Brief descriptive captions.
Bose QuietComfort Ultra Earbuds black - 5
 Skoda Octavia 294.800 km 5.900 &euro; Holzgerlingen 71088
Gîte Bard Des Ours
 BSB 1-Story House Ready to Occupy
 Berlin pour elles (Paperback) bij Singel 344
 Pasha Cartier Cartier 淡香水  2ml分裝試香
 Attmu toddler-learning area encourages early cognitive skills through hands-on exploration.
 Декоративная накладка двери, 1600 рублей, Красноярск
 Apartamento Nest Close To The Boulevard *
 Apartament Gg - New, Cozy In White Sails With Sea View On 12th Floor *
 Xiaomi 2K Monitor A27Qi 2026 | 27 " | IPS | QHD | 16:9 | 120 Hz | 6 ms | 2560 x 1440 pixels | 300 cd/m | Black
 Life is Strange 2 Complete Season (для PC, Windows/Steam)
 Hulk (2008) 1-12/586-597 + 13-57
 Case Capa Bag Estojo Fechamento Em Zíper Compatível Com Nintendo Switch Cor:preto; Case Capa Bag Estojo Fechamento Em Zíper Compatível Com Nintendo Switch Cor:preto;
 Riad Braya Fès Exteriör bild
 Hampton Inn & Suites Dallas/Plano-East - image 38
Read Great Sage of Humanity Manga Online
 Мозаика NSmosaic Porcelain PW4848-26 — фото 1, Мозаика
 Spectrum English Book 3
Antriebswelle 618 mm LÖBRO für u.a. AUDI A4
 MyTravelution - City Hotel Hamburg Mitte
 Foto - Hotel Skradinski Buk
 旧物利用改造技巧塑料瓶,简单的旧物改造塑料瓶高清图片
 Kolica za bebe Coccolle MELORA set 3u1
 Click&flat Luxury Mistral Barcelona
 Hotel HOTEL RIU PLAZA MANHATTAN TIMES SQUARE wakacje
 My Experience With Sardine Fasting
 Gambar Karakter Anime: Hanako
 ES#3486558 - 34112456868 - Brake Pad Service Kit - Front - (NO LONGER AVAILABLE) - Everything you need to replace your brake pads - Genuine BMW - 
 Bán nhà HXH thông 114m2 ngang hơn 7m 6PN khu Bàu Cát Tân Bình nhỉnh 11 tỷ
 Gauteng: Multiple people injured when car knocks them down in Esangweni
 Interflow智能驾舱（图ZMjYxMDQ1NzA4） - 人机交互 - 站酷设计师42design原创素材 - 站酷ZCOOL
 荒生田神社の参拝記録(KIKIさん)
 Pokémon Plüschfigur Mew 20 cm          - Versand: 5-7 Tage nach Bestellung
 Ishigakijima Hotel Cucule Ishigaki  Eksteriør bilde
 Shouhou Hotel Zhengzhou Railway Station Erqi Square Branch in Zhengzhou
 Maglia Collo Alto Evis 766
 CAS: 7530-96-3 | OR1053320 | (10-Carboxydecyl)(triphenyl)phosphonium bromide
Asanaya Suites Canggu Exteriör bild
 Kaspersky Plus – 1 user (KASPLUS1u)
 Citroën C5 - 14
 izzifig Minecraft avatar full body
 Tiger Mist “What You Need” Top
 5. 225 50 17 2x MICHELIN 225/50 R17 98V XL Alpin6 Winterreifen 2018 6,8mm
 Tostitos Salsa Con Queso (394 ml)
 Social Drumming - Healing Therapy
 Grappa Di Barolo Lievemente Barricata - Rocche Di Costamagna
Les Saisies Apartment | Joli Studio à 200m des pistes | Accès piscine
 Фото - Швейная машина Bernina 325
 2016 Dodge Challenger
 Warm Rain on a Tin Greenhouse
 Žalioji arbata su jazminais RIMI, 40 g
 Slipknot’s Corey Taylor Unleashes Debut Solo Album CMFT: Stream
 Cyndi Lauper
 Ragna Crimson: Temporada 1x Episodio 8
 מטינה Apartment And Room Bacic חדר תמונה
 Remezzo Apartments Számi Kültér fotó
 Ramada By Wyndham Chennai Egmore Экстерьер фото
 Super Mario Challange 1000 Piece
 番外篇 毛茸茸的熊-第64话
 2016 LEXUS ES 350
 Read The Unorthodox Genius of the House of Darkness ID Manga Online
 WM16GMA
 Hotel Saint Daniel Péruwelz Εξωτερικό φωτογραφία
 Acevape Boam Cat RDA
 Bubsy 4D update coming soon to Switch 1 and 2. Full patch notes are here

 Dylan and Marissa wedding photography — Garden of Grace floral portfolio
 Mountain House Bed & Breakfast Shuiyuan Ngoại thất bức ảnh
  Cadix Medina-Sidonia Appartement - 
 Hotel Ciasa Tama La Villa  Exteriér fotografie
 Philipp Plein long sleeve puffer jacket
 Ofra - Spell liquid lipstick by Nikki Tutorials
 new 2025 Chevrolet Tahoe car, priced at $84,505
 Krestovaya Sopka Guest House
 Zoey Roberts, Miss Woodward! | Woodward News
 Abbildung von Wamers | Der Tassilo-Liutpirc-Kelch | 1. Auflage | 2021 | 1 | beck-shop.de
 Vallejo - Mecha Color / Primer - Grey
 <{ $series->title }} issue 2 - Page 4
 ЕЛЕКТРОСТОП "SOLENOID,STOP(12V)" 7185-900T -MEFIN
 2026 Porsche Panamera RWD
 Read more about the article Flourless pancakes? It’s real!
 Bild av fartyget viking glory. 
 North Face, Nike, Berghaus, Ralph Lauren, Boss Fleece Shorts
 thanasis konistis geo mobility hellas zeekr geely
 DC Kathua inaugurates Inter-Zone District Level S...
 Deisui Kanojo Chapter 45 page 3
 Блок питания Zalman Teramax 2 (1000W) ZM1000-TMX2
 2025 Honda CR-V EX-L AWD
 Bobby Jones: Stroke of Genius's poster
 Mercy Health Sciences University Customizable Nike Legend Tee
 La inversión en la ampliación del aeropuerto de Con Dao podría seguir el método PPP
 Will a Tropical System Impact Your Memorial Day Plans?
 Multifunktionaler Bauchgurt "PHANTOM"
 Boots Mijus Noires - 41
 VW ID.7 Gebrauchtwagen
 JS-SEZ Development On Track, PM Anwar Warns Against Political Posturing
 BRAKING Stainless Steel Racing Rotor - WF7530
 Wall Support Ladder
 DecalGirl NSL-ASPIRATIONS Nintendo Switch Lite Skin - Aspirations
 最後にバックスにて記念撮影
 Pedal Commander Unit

Exercise instructions.
Up to and including the line with "Attmu toddler-learning area", restate the records above word for word from the very first line.

Written answer.
Bose QuietComfort Ultra Earbuds black - 5
 Skoda Octavia 294.800 km 5.900 &euro; Holzgerlingen 71088
Gîte Bard Des Ours
 BSB 1-Story House Ready to Occupy
 Berlin pour elles (Paperback) bij Singel 344
 Pasha Cartier Cartier 淡香水  2ml分裝試香
 Attmu toddler-learning area encourages early cognitive skills through hands-on exploration.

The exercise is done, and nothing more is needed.